How to use this document:
- Use Ctrl+F in your browser and search for occurrences of a particular term.
- Click on any heading to jump back to the table of contents.
Concepts and terms
General
- Data
- We generally mean quantitative data, but data can be qualitative, too.
- Metadata
Information about some data that helps explain its meaning, and helps people and systems decide what to do with the data.
Metadata can be exchanged together with or separately from the data to which it is related.
Basic terms from SDMX
The SDMX Information Model (PDF link) provides very clear and well-distinguished terms for concepts related to data and metadata. These include:
- Observation
- A single “data point”, usually with a numerical (observation) value and a key.
- Data set
- Zero or more observations whose keys share a common structure.
- Data flow
- One or more data sets that share a common structure.
- Key
Labels or values for one or more dimensions that uniquely identify an observation within a data set. Every dimension corresponds to a single concept that distinguishes some observations from others.
For example, two observations in a data set may be:
- key = (GEO=KE, TIME_PERIOD=2020) → value = 12.3
- key = (GEO=IN, TIME_PERIOD=2020) → value = 11.2
Key values can be free-form, or they can be from a list of codes:
- Code
A single code comprises:
- Identifier (ID)
- Short, machine-readable, unambiguous. Example: “GEO”.
- Name
- Short, human-readable. In SDMX, names are “international strings” that may have distinct values in different languages. Example: “Geographical area”.
- Description
- Longer, human-readable text that gives further information on the code, how it may be distinguished from or relate to others, etc. Example: “The area described by a statistical observation. …”
Codes are collected in code lists that may be hierarchical, or not.
- Data structure [description] (DSD)
Collects several items that describe the structure of a data flow and all data sets within that data flow:
- List of dimensions
Each is linked to a concept. Often the dimension and concept have identical IDs.
The representation for this dimension in observation keys. This can (optionally) be done by reference to a codelist, e.g. a DSD might specify, “the GEO dimension is represented by codes from codelist ‘A’, which contains codes with IDs from ISO 3166 alpha-2, e.g. AT, CA, US”. A different DSD might specify “the GEO dimension is represented by codes from codelist ‘B’, which contains codes with IDs from ISO 3166 alpha-3, e.g. AUT, CAN, USA”.
In either case, valid data will have the described structure.
- Primary measure
This is also a concept, and describes what is measured by the observation values.
Example: passenger travel distance.
- This is sometimes called an “indicator”: this means it is used to indicate something about a general phenomenon for which there might be several different measures. Example: GDP is an indicator of economic activity; but economic activity can be measured in other ways.
- What is measured and the units of measurement are separate. Example: passenger travel distance can be measured in miles, kilometres, or other units.

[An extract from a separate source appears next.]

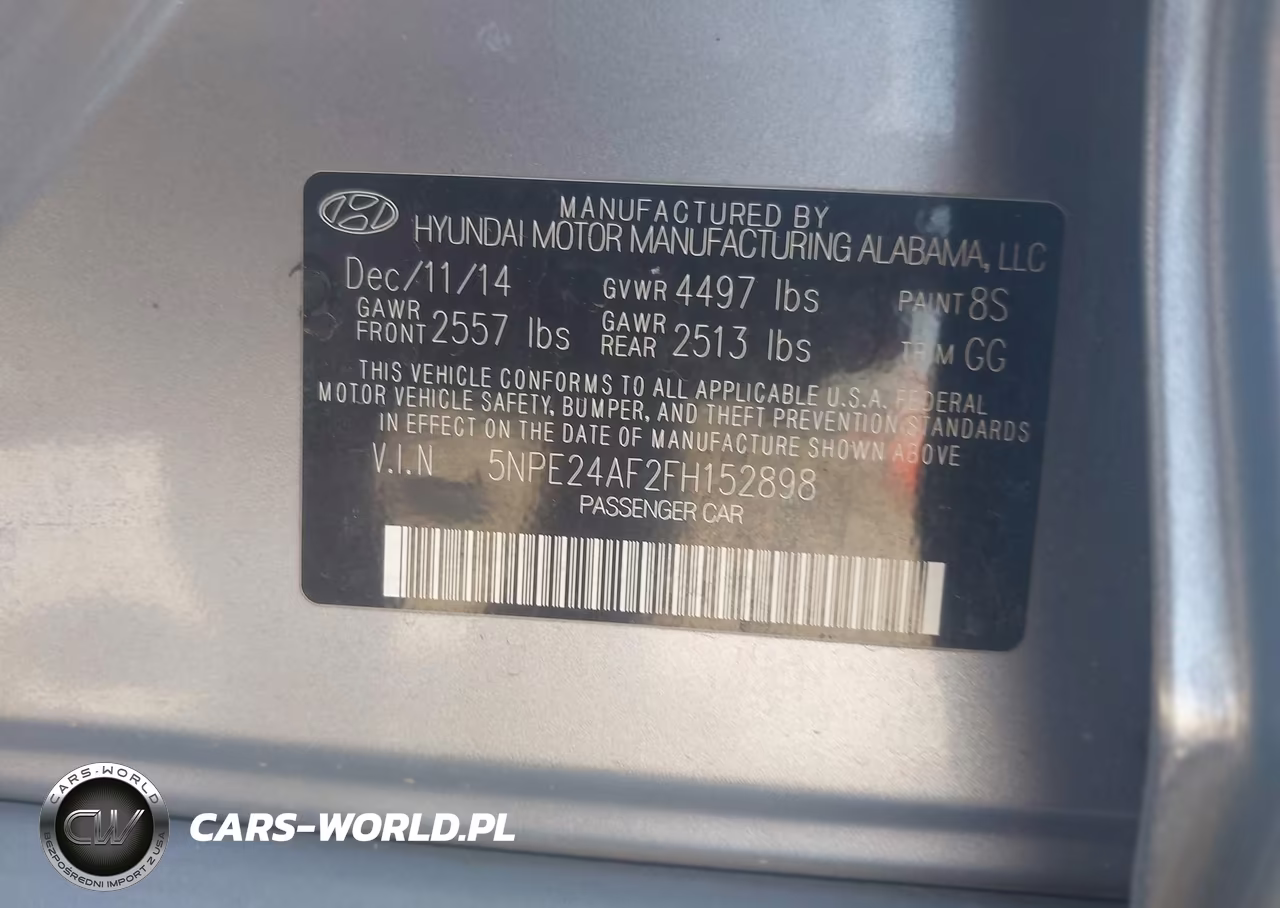 2015 Hyundai Sonata Se VIN:5NPE24AF2FH152898 - 9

- “Primary” means that this is the measure when—as is very common—each observation carries only one value.
- List of attributes
- These also correspond to concepts, but may not be numerical or on a scale of discrete values. They may be optional or required. For example, a required UNIT_MEASURE attribute could indicate whether observation values for the primary measure of “vehicle activity” are given in kilometres or miles.
Comments
The SDMX-IM, as above, helps untangle ideas that are often confused for one another:
A data flow describes a fixed structure. Multiple data sets may match this structure; these are all within the data flow. For example, a (larger) data set may include data on many countries. In response to a request, a user may receive data for only a few countries. This user has received “a data set” that is compatible with the same data flow as the “full(er)” data set from which it was excerpted.
Conversely, multiple sources might provide data for different countries; these will be contained in multiple “data sets” that all fit in the same “data flow”. By concatenating or otherwise manipulating these data sets, a person or system may produce a single “data set”, also within the “data flow”, that contains all their observations.
Data provisioning
- Agency
- SDMX uses this scheme for any organization or entity, even a single person. Most can have 1 or more identified contacts, who are specific people.
- Data provider
- An agency that provides some data or metadata. This may not be “their” data: data may be handled by multiple agencies, each receiving it from an upstream data provider and passing it to one or more downstream consumers.
- Data source
This term is used in two ways.
In general, it is used to refer to the furthest upstream data provider in the chain, though this can be imprecise.
In SDMX, it also can mean a system (API) operated by a data provider, from which other people or systems can access the (meta)data they provide.
Operations on data
Terms like “cleaning”, “processing”, and “harmonization” are sometimes used to refer to complicated processes that can involve multiple steps or operations on (meta)data. [1] Each operation might be performed by a person (“manual”) or system (“automated”; or “semi-automated” if the system must be triggered or invoked by a person).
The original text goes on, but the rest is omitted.